Born on October 10, 1899, Wilhelm Röpke died half a century ago on February 12, 1966. It seems appropriate to mark the fifty-year passing of one of the great European economists and advocates of freedom during the last one hundreds years.

In the dark days immediately following the rise to power of Adolf Hitler and his Nazi movement in Germany in January 1933, Röpke refused to remain silent.
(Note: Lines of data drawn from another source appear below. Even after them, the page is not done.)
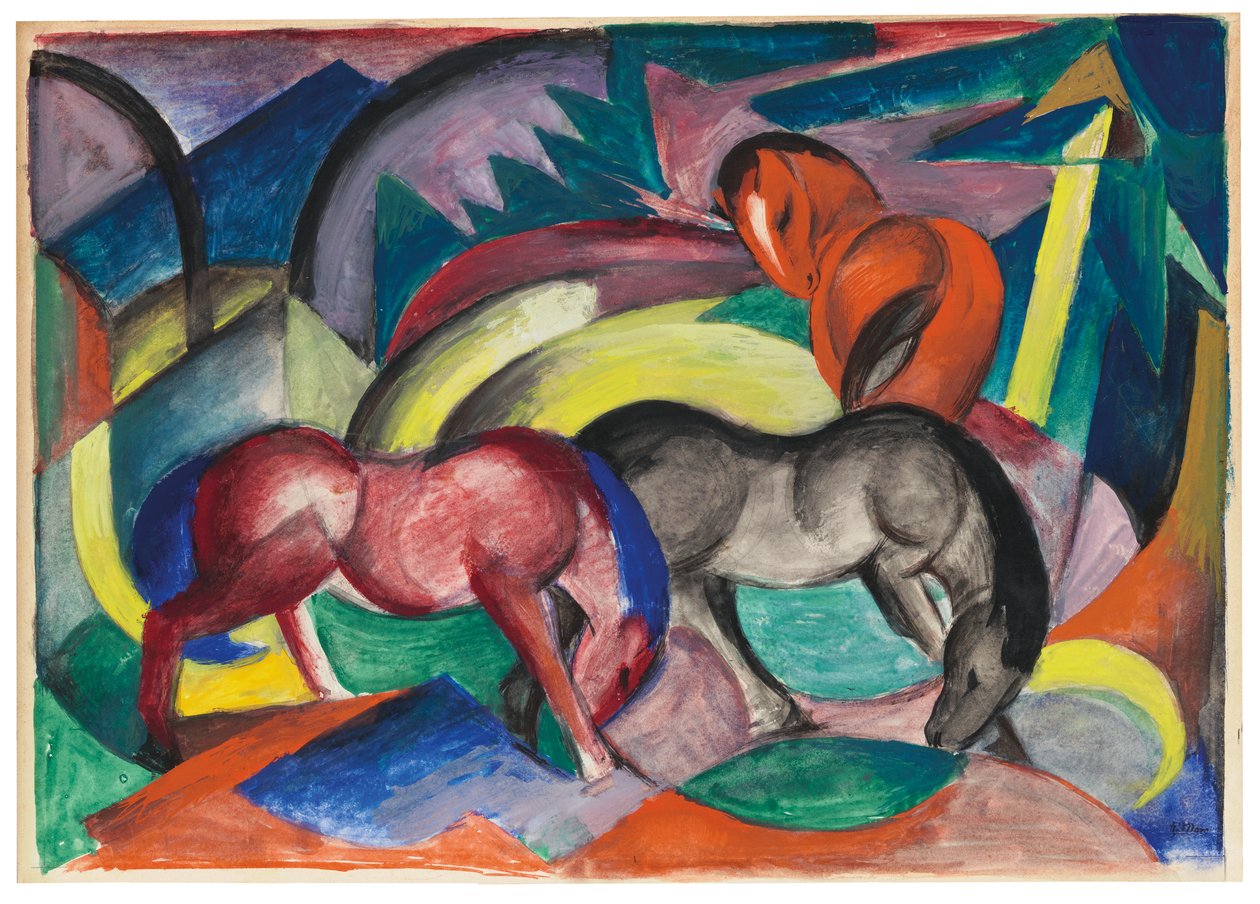 Kolme hevosta, 1912 tekijältä Franz Marc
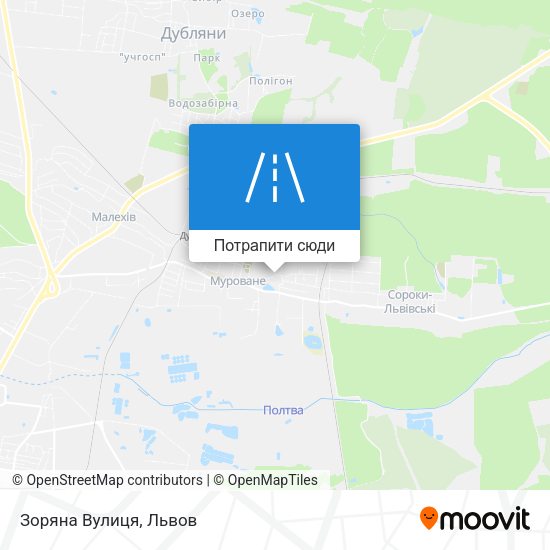 Карта Зоряна Вулиця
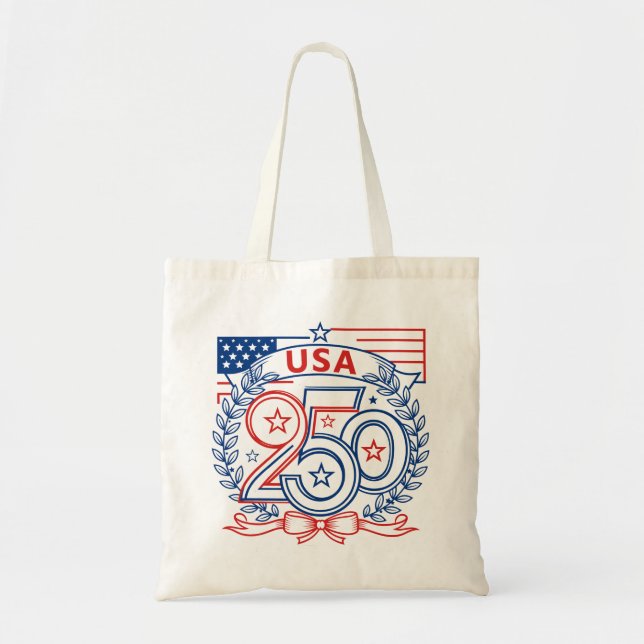 Tote Bag USA 250 Patriotic Anniversary Emblem Design (Devant)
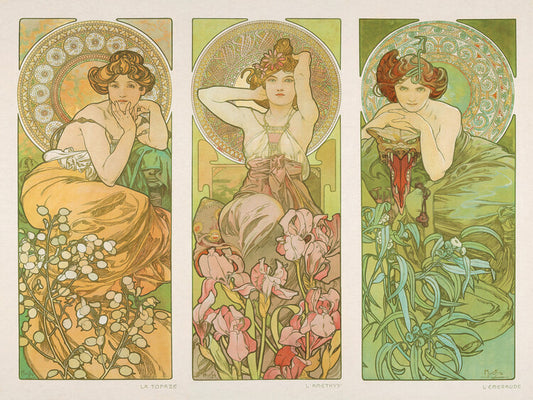 The Precious Stones: Topaz, Amethyst & Emerald, Alfons Mucha Poster, Plakat, 40 × 30 cm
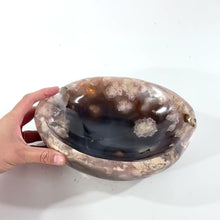 Load and play video in Gallery viewer, Large flower agate polished crystal bowl 3.76kg | ASH&amp;STONE Crystal Shop Auckland NZ
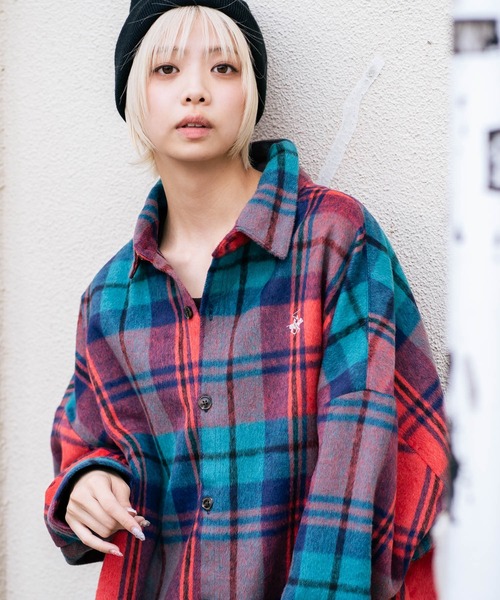 BEVERLY HILLS POLO CLUB（ビバリーヒルズポロクラブ）の「【BEVERLY HILLS POLO CLUB/ビバリーヒルズポロクラブ】シャギーチェックジャケット（その他アウター・レディース・レッド/パープル/ブラウン/グレー・MEDIUM）」の4枚目の写真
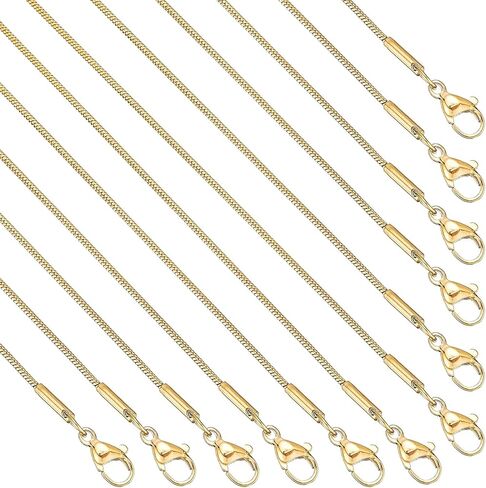 12 Pack Necklace Chains Bulk Gold Plated Stainless Steel Snake Chain Necklace for DIY Jewelry Making in Kuwait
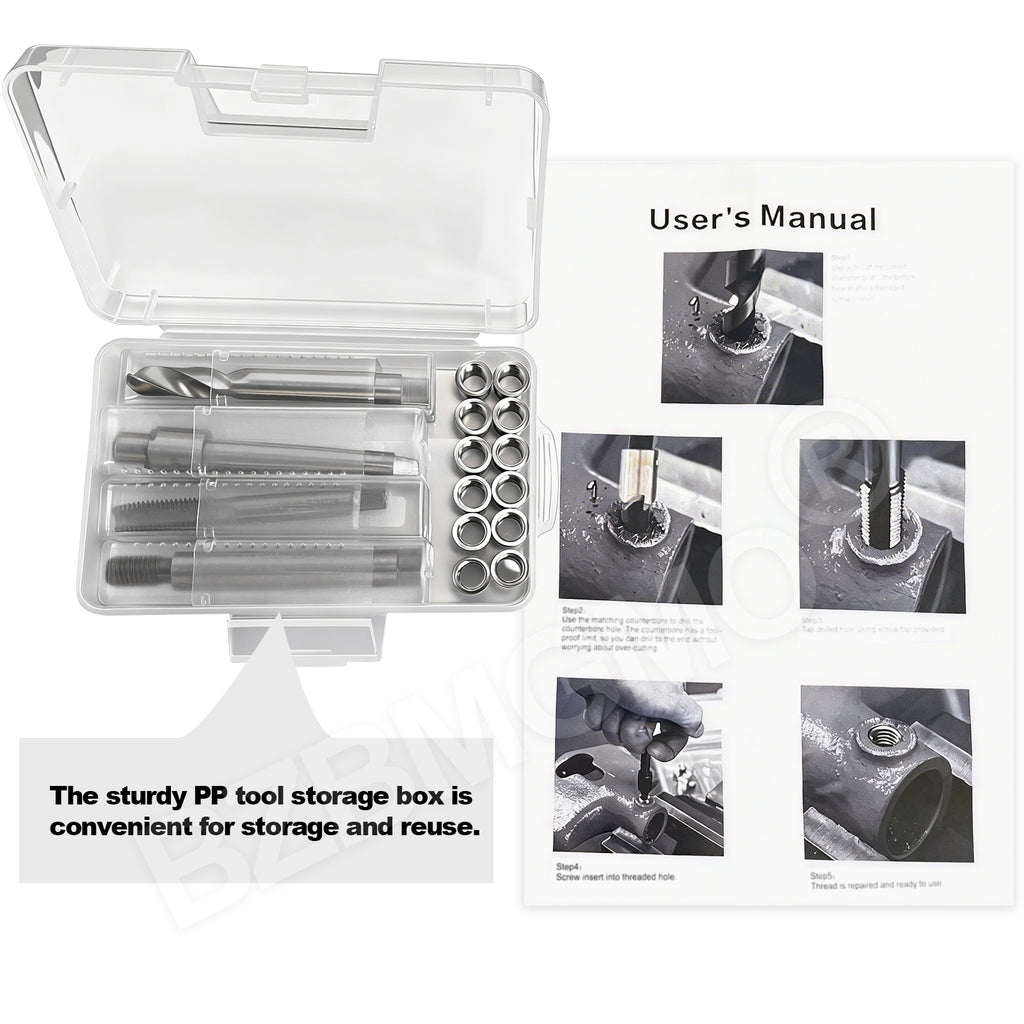 BZBMGMO M10x1.5 Metric Thread Repair Kit, 12 SS Inserts(14MM), HSS Tools
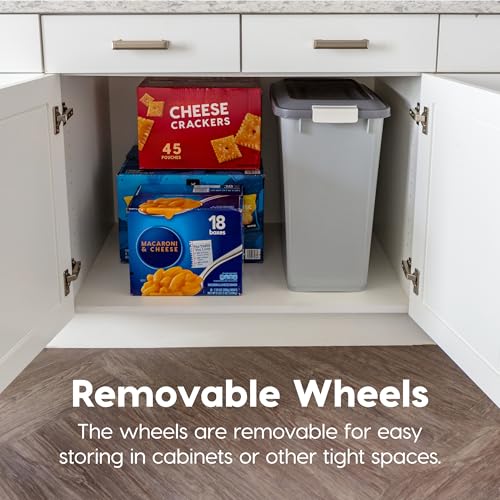IRIS USA Dog Food Storage Container, Up to 40 lbs, Gray/Dark Gray | Made in USA, Comes with Wheels & 2-Cup Scoop, Airtight Seal, BPA-Free, Bird Seed, Cat food, Cat Litter, Treats, Pellets - color: Gray/Dark Gray, size: 40 lbs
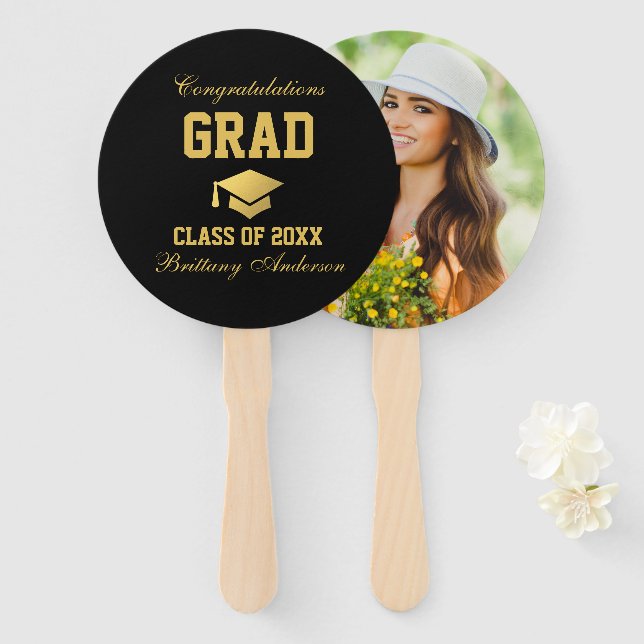 Graduation Black Gold Graduate Photo Hand Fan (Front and Back)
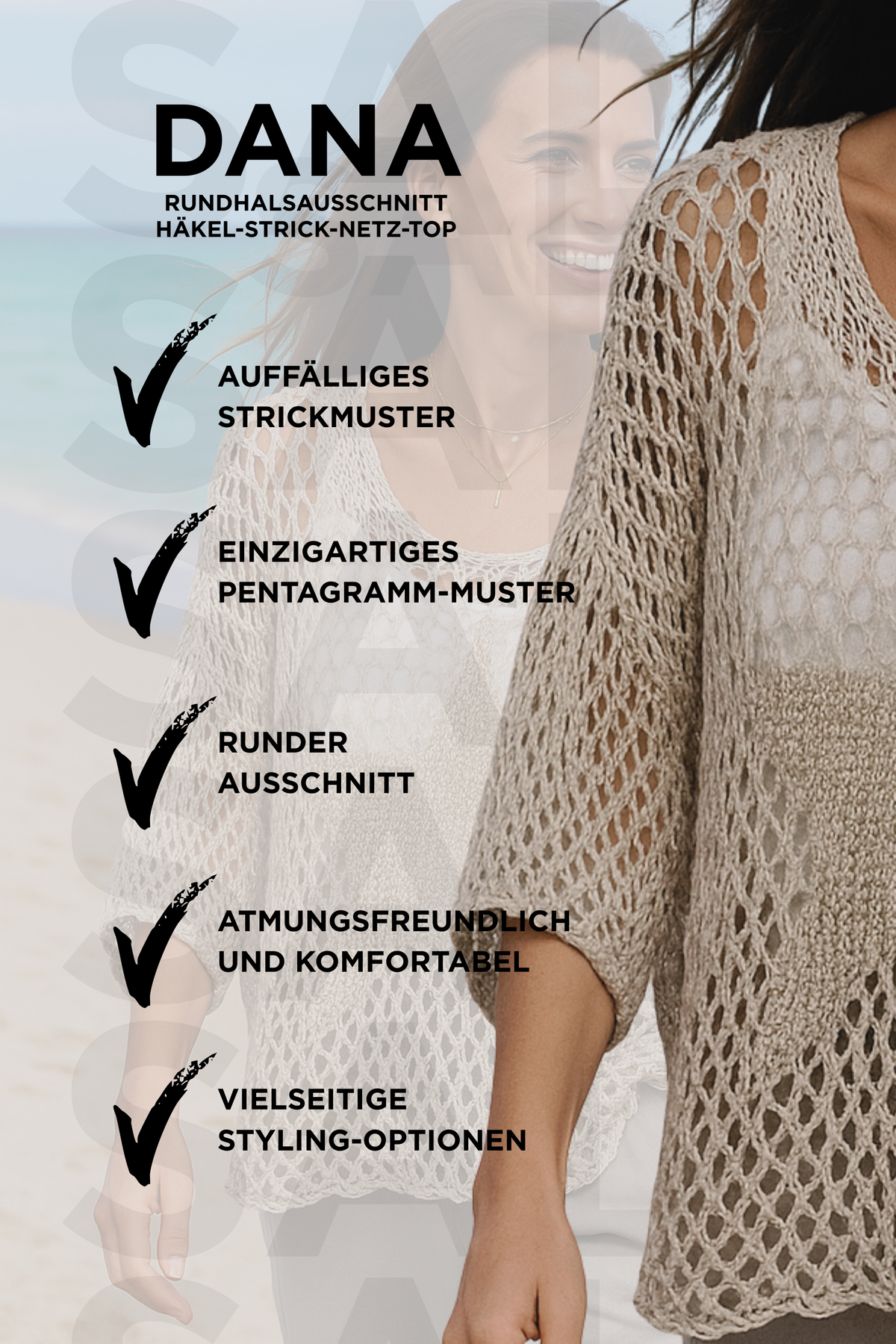 Deaine | Rundhalsausschnitt Häkel-Strick-Netz-Top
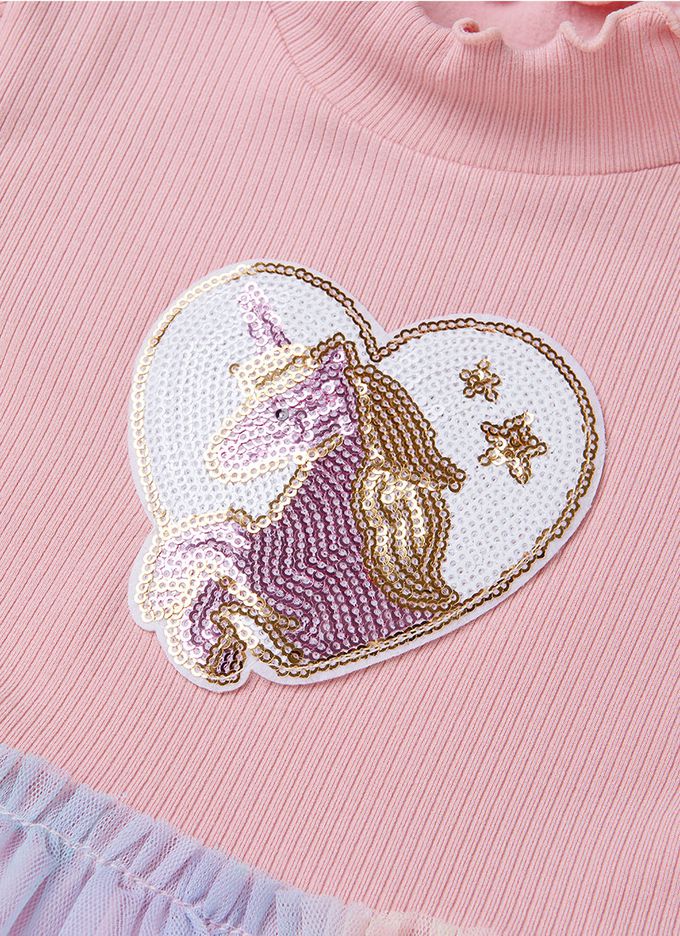 韓國 OZKIZ - 亮片獨角獸拼接繽紛網紗洋裝-粉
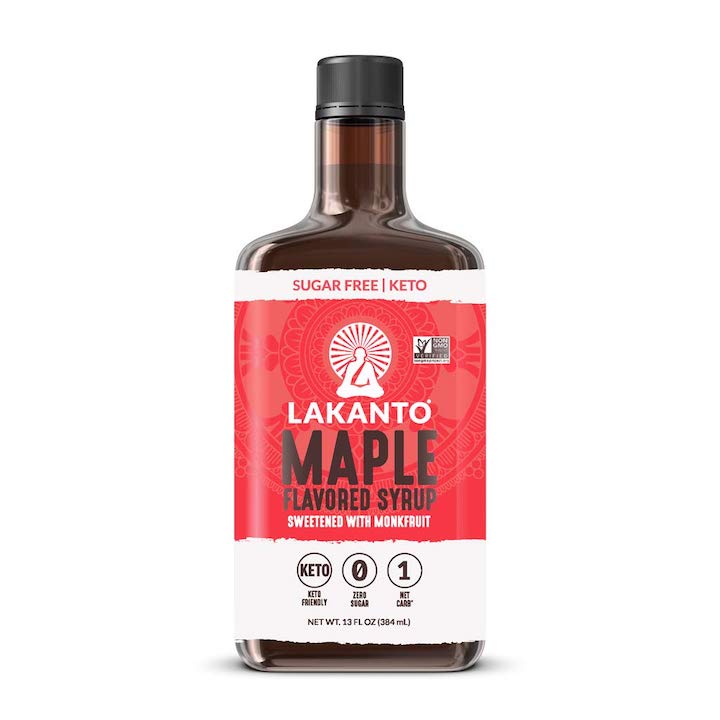 Lakanto Sugar Free Maple Syrup - Monkfruit Sweetener, Keto Diet Friendly, Vegan, 1g Net Carbs, Pancakes, Waffles, Oatmeal, Coffee, Tea, Granola, Frosting, Marinade, Dressing (13 Fl Oz - Pack of 1)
He proceeded to deliver a public address in which warned his audience that Germany was in the grip of a “revolt against reason, freedom and humanity.”

Nazism as the Destruction of Decent Society

Nazism was the culmination of Germany’s sinking into ”illiberal barbarism, Röpke said, the elements of which were based on: (l) “servilism,” a “longing for state slavery,” with the state becoming the “subject of unparalleled idolatry”; (2) “irrationalism,” in which ”voices” in the air called for the German people to be guided by “blood,” “soil,” and a “storm of destructive and unruly emotions”; and (3) “brutalism,” in which “The beast of prey in man is extolled with unexampled cynicism, and with equal cynicism every immoral and brutal act is justified by the sanctity of the political end.” Röpke warned that, “a nation that yields to brutalism thereby excludes itself from the community of Western civilization.” He hoped Germany would step back from this abyss before its people had to learn their mistake in the fire of war.